Lately though, I've mostly been reading and watching movies rented from the library, a throwback to my college days. My most recent read ties in well, I think, to the idea of passions, collecting, and moving between different hobbies. So I thought I'd share a quote from it below.
The book "The Orchid Thief" by Susan Orlean, is a non-fiction book about a woman, Orlean, who got to know an "orchid thief" in Florida. He stole some orchids from a swamp in Florida with some Seminole Indians, and her writings explore this case but also spill over into the passions of orchid collectors and the passions of this thief, John Laroche, who moves from collecting Ice Age Fossils to Orchids to helping people build porn sites depending on his given passion at the moment. If any of you are aware of this story at all, it's likely through the excellent movie Adaptation, which was screenwritten by Charlie Kaufman and stars Nicolas Cage and Meryl Streep. It's a really good, albeit odd, movie, worth watching. Here's the trailer:
The movie is very "meta," constantly breaking the 4th wall. It's also really captures collecting and the passions behind that concept. It struck a lot of good chords with me on first watch, and after seeing it again recently I had to read the book. And after finishing the book, I had to share a snippet that I really related to as a collector, cardboard or otherwise.
On page 279, Orlean writes:
"Do you collect anything?" he (John Laroche) asked.
"Not really," I (Susan Orlean) said.
"It's not really about collecting the thing itself," Laroche went on. "It's about getting immersed in something, and learning about it, and having it become part of your life. It's a kind of direction." He stopped on the word "direction" and chortled. "If anybody had a plant I didn't have, I made sure to get it. It was like a heroin addiction. If I ever had money I would spend it on plants. When my wife and I had our nursery, we had forty thousand just totally unimaginable plants."
"Your favorite?"
He scuffled his heel in the dirt. "I think it would have to be this little Boesenbergia ornata, this gorgeous little ginger plant a friend got me in New Zealand. It had first been collected a hundred years ago, and I think I had the only one in cultivation.

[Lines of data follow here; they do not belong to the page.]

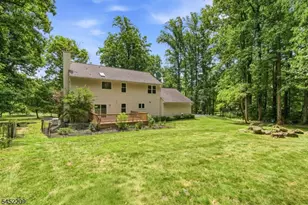 9 Stirrup Way, Franklin Township, NJ 08540 - Photo 36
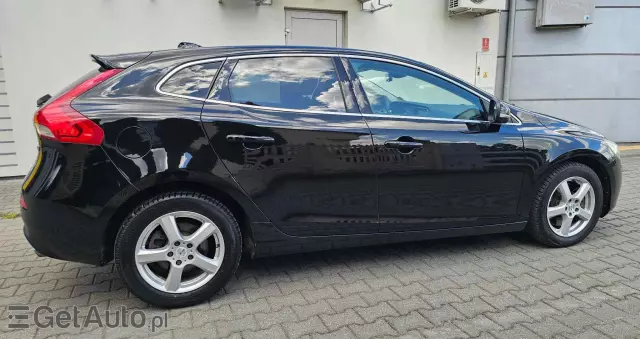 VOLVO V40 D4 Drive-E Inscription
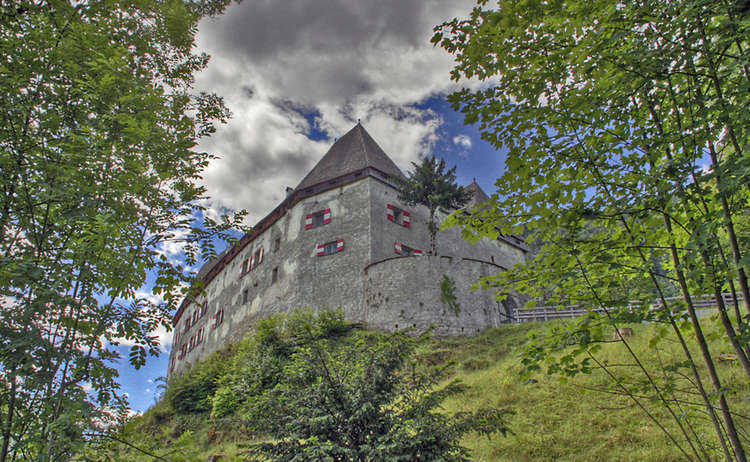 Das Schloss Staufeneck in Piding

It had these tiny round leaves, sort of brownish with silver chevron markings. I swear it looked like it was made out of crystal. And it had an amazing huge orange flower too."

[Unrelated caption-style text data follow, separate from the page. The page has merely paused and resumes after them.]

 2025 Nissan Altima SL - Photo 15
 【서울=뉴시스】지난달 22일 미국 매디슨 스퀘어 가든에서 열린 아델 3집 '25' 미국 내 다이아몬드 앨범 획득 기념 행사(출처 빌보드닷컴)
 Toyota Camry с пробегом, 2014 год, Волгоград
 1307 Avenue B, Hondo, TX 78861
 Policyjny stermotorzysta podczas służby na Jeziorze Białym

I asked if he still had it. "I don't have ANY plants anymore," he said, crossly. "I sold that one for nine hundred dollars and sent a cutting of it to Kew Gardens."
This quote might speak to some of you, but it definitely speaks to me strongly, especially the part I put in blue. I remember, with collecting cards, be it Seneca Wallace, or weird names, or Fred McGriff (throwback), or whatever, just gaining that specialized knowledge around my collection. I knew the "rare" cards, I knew info about certain sets, I learned Blowout, I learned more about Ebay, and I just poured myself into all of it.
And while it's still around in my head (unlike Laroche who obsesses and then is done with that thing when he moves on), I find myself moving on and obsessing over new passions. I do research on the best turret locations for Symmetra on Kings Row in Overwatch. I recently joined the local Pokemon Go discord to teamup more against gyms, and I've walked local friends through the concept of raids based on what I read on Reddit.
The priority of my passions has changed, but I'm still immersing myself into the world of whatever passion I have at the moment, gaining all this very specific knowledge and using it to push my passion as far as I can in that given area. I think it's one of the cool things about passions - the way some of us devote ourselves so strongly to really KNOWING what we're interested in, even if it's not something that we passionate about at that level forever. Life is an interesting thing.
Anyways, just wanted to share that, as it resonated a lot with me. Cardswise, I'm hopeful that I'll scan and add all the cards in my scanning "queue" in the coming month, if I can find time away from my other passions.
I don't read a lot of books, but if I ran across that passage... I would immediately thought of cards too.